Re: [DISCUSS] KIP-459: Improve KafkaStreams#close

Posted by "Matthias J. Sax" <ma...@confluent.io>.
Moved this KIP into status "inactive". Feel free to resume and any time.

-Matthias

On 7/9/19 3:51 PM, Dongjin Lee wrote:
> Hi Matthias,
> 
> Have you thought about this issue?
> 
> Thanks,
> Dongjin
> 
> On Wed, Jun 19, 2019 at 5:07 AM Dongjin Lee <do...@apache.org> wrote:
> 
>> Hello.
>>
>> I just uploaded the draft implementation of the three proposed
>> alternatives.
>>
>> - Type A: define a close timeout constant -
>> https://github.com/dongjinleekr/kafka/tree/feature/KAFKA-7996-a
>> - Type B: Provide a new configuration option, 'close.wait.ms' -
>> https://github.com/dongjinleekr/kafka/tree/feature/KAFKA-7996-b
>> - Type C: Extend KafkaStreams constructor to support a close timeout
>> parameter -
>> https://github.com/dongjinleekr/kafka/tree/feature/KAFKA-7996-c
>>
>> As you can see in the branches, Type B and C are a little bit more
>> complicated than A, since it provides an option to control the timeout to
>> close AdminClient and Producer. To provide that functionality, B and C
>> share a refactoring commit, which replaces KafkaStreams#create into
>> KafkaStreams.builder. It is why they are consist of two commits.
>>
>> Please have a look you are free.
>>
>> Thanks,
>> Dongjin
>>
>> On Thu, May 30, 2019 at 12:26 PM Dongjin Lee <do...@apache.org> wrote:
>>
>>> I just updated the KIP document reflecting what I found about the clients
>>> API inconsistency and Matthias's comments. Since it is now obvious that
>>> modifying the default close timeout for the client is not feasible, the
>>> updated document proposes totally different alternatives. (see Rejected
>>> Alternatives section)
>>>
>>>
>>> https://cwiki.apache.org/confluence/display/KAFKA/KIP-459%3A+Improve+KafkaStreams%23close
>>>
>>> Please have a look you are free. All kinds of feedbacks are welcomed!
>>>
>>> Thanks,
>>> Dongjin
>>>
>>> On Fri, May 24, 2019 at 1:07 PM Matthias J. Sax <ma...@confluent.io>
>>> wrote:
>>>
>>>> Thanks for digging into the back ground.
>>>>
>>>> I think it would be good to get feedback from people who work on
>>>> clients, too.
>>>>
>>>>
>>>> -Matthias
>>>>
>>>>
>>>> On 5/19/19 12:58 PM, Dongjin Lee wrote:
>>>>> Hi Matthias,
>>>>>
>>>>> I investigated the inconsistencies between `close` semantics of
>>>> `Producer`,
>>>>> `Consumer`, and `AdminClient`. And I found that this inconsistency was
>>>>> intended. Here are the details:
>>>>>
>>>>> The current `KafkaConsumer#close`'s default timeout, 30 seconds, was
>>>>> introduced in KIP-102 (0.10.2.0)[^1]. According to the document, there
>>>> are
>>>>> two differences between `Consumer` and `Producer`;
>>>>>
>>>>> 1. `Consumer`s don't have large requests.

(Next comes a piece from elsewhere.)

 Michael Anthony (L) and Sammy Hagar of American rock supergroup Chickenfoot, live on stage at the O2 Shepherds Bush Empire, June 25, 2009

>>>>> 2. `Consumer#close` is affected by consumer coordinator, whose close
>>>>> operation is affected by `request.timeout.ms`.
>>>>>
>>>>> By the above reasons, Consumer's default timeout was set a little bit
>>>>> different.[^3] (It is done by Rajini.)
>>>>>
>>>>> At the initial proposal, I proposed to change the default timeout
>>>> value of
>>>>> `[Producer, AdminClient]#close` from `Long.MAX_VALUE` into another one;
>>>>> However, since it is now clear that the current implementation is
>>>> totally
>>>>> reasonable, *it seems like changing the approach into just providing a
>>>>> close timeout into the clients used by KafkaStreams is a more suitable
>>>>> one.*[^4]
>>>>> This approach has the following advantages:
>>>>>
>>>>> 1. The problem described in KAFKA-7996 now resolved, since Producer
>>>> doesn't
>>>>> hang up while its `close` operation.

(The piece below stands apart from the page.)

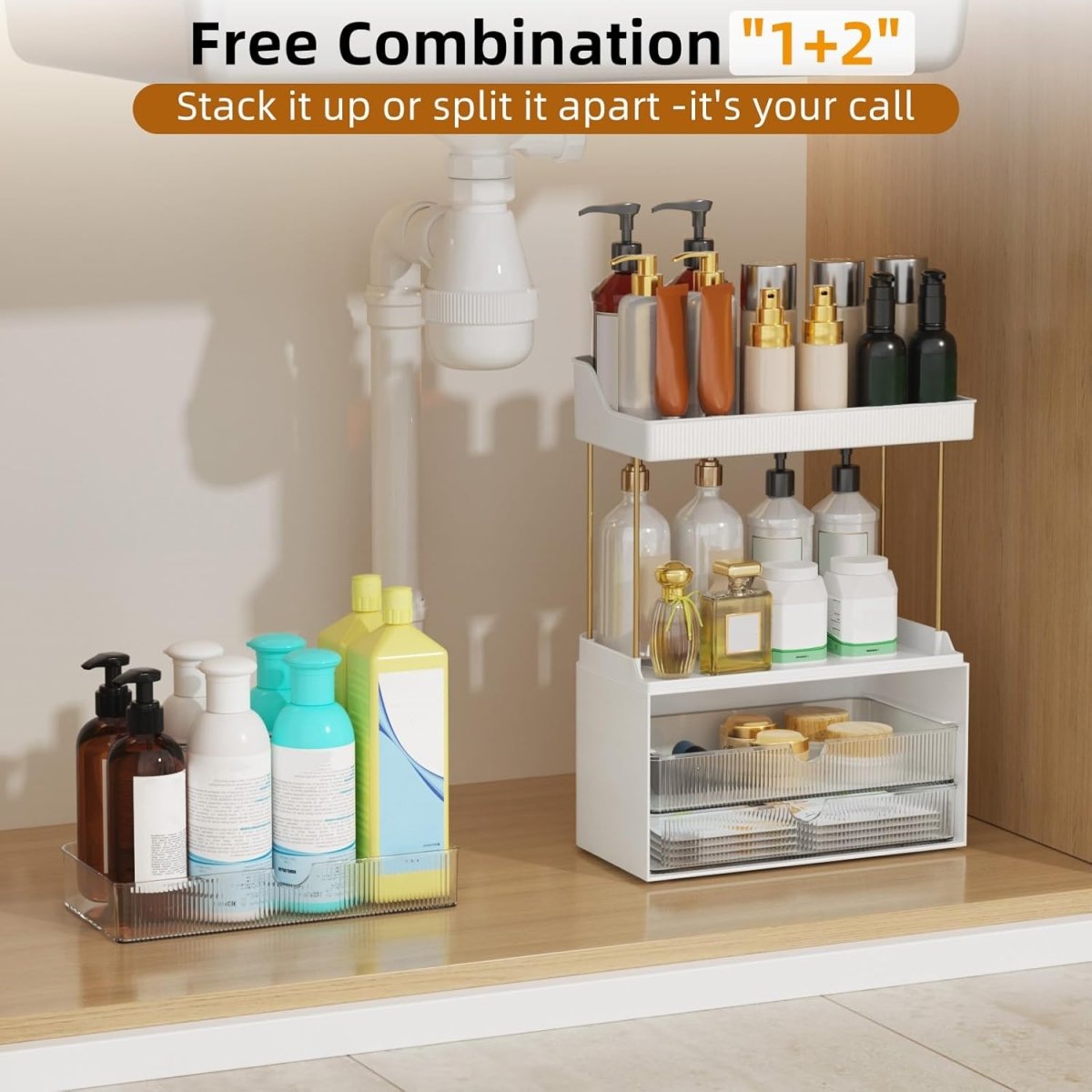 StorBin 3 Drawers Makeup Organizer - 5 Tier Bathroom Counter Organizers and Storage, Versatile Perfume Vanity Organizer, Ideal for Cosmetic, Large Skincare, Face Mask, Office Supplies, Amber - Homesidy.com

>>>>> 2. We don't have to change the semantics of `Producer#close`,
>>>>> `AdminClient#close` nor `KafkaStreams#close`. As you pointed out, these
>>>>> kinds of changes are hard for users to reason about.
>>>>>
>>>>> How do you think?
>>>>>
>>>>> Thanks,
>>>>> Dongjin
>>>>>
>>>>> [^1]:
>>>>>
>>>> https://cwiki.apache.org/confluence/display/KAFKA/KIP-102+-+Add+close+with+timeout+for+consumers
>>>>> [^2]: "The existing close() method without a timeout will attempt to
>>>> close
>>>>> the consumer gracefully with a default timeout of 30 seconds. This is
>>>>> different from the producer default of Long.MAX_VALUE since consumers
>>>> don't
>>>>> have large requests."
>>>>> [^3]: 'Rejected Alternatives' section explains it.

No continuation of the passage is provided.